Тем, однако, и хороша книга, что предлагает нетривиальные подходы, ставит новые и корректирует старые вопросы, подвигая исследователей на переосмысление принятых канонов. Потому что еще важнее познания прошлого - изучение настоящего и предвидение будущего. Вот только хоть и важнее, а вторичнее, так как, не познав прошлого, не поймешь настоящего и будущего. Я должен извиниться перед читателем за этот трюизм, но он вытекает из прочтения книги не как абстрактный вывод, а конкретный императив.

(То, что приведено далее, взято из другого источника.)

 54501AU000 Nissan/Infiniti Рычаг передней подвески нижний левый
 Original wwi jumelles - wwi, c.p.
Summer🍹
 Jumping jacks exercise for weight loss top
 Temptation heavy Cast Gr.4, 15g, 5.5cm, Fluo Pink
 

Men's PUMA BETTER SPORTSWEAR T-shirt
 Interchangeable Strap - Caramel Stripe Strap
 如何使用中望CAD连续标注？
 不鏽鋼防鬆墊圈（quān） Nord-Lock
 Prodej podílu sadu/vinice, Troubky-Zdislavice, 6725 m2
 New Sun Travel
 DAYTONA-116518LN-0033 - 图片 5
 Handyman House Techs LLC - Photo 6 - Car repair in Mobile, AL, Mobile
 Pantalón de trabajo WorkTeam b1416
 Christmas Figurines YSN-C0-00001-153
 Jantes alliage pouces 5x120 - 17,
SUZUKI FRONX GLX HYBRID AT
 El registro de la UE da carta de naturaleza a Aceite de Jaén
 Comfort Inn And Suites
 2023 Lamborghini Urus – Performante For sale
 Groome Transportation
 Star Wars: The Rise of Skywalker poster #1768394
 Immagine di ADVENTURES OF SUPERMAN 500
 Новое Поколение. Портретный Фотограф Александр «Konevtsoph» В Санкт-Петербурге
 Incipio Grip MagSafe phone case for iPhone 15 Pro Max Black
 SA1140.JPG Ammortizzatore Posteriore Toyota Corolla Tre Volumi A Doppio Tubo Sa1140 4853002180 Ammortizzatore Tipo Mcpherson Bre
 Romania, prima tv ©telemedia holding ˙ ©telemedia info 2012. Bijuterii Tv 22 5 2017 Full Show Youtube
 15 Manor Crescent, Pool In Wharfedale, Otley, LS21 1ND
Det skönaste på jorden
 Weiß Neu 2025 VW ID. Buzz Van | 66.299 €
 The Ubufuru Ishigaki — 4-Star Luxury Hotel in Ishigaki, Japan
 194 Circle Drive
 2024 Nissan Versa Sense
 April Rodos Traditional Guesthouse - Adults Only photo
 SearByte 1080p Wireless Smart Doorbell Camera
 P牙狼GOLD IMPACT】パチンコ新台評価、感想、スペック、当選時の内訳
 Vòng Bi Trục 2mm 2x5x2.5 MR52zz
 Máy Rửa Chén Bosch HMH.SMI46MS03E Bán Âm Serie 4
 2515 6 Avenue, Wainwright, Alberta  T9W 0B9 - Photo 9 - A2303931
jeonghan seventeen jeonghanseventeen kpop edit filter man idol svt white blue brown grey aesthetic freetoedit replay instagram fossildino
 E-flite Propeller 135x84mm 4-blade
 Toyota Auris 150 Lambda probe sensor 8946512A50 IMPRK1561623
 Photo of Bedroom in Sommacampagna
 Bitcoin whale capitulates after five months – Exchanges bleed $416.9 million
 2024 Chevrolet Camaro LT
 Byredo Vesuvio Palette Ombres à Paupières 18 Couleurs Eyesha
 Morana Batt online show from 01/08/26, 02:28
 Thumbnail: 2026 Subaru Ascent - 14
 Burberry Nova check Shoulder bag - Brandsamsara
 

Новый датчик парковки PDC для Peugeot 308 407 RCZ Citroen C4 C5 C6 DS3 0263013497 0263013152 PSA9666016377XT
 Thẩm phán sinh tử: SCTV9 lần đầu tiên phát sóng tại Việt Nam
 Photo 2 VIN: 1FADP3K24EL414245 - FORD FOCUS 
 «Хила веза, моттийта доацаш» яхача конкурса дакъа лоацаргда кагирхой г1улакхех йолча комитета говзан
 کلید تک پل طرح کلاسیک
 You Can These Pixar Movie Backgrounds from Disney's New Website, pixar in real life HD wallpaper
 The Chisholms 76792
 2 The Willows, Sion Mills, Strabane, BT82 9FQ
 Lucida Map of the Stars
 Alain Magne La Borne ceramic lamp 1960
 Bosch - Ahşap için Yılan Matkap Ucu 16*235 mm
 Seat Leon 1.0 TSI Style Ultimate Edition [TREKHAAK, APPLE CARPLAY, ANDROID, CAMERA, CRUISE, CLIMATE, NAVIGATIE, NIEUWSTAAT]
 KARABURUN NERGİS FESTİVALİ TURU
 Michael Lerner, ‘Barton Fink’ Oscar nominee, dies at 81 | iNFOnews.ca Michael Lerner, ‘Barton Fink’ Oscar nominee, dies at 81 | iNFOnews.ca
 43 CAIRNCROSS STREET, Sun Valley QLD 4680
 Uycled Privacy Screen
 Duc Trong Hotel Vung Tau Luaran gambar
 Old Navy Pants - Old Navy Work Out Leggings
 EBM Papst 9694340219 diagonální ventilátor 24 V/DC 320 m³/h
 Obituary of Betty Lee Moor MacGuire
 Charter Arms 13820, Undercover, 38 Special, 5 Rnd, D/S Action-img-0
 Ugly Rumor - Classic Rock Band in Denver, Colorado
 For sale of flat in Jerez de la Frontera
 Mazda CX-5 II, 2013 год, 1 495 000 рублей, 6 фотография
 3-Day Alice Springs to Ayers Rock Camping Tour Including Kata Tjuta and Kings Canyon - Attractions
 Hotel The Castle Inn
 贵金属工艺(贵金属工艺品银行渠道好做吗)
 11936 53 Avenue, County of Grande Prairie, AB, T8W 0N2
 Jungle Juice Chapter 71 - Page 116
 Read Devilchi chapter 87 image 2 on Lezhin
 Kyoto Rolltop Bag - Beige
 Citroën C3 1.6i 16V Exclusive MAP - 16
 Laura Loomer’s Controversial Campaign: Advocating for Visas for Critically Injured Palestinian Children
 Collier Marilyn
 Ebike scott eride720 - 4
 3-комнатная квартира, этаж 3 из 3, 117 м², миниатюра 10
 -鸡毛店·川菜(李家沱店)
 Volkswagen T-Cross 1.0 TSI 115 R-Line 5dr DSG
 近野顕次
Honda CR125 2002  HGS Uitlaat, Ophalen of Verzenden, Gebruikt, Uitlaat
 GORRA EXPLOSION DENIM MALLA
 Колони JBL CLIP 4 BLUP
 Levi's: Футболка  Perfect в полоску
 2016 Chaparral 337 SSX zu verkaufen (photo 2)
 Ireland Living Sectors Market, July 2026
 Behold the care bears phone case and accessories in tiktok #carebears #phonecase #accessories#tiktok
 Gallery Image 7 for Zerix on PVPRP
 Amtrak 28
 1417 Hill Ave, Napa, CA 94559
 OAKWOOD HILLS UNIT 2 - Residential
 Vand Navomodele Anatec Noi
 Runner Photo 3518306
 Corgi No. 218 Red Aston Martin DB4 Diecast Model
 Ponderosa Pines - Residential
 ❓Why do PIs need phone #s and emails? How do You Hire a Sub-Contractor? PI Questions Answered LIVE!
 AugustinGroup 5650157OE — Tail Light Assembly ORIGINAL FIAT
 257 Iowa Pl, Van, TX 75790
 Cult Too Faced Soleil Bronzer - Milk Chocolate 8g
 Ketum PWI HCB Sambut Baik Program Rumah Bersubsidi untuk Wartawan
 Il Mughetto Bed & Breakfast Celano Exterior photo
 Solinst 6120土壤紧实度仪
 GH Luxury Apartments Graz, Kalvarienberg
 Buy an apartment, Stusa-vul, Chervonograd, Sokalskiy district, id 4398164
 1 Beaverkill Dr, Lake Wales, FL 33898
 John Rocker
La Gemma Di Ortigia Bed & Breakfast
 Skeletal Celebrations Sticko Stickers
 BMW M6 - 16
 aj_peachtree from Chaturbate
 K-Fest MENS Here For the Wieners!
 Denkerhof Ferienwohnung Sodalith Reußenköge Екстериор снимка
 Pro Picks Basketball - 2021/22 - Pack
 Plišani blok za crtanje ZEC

Ждет ли Россию очередная смута? Автор книги не пифийствует, рецензенту это тем более не подобает. Автор считает, что абсурдная процедура государственного управления в нынешней России, когда номенклатурные, уже принятые решения затем легитимируются всеобщим голосованием «за», чревата кризисной ситуацией (с. 106). Соглашаясь с этим, рецензент пояснил бы, что за семь десятилетий советской власти данная процедура превратилась в привычный модус вивенди и, с одной стороны, помогала власти править, а с другой стороны, притупила восприятие на-
зревающей кризисности как у нее самой, так и у народа. Нужно ли ждать еще 70 лет, чтобы прервать роковую цепочку причин и следствий и сделать то, к чему призывает Владимир Булдаков в эпилоге, - изменить самих себя? Это вопрос и к власти, и к народу.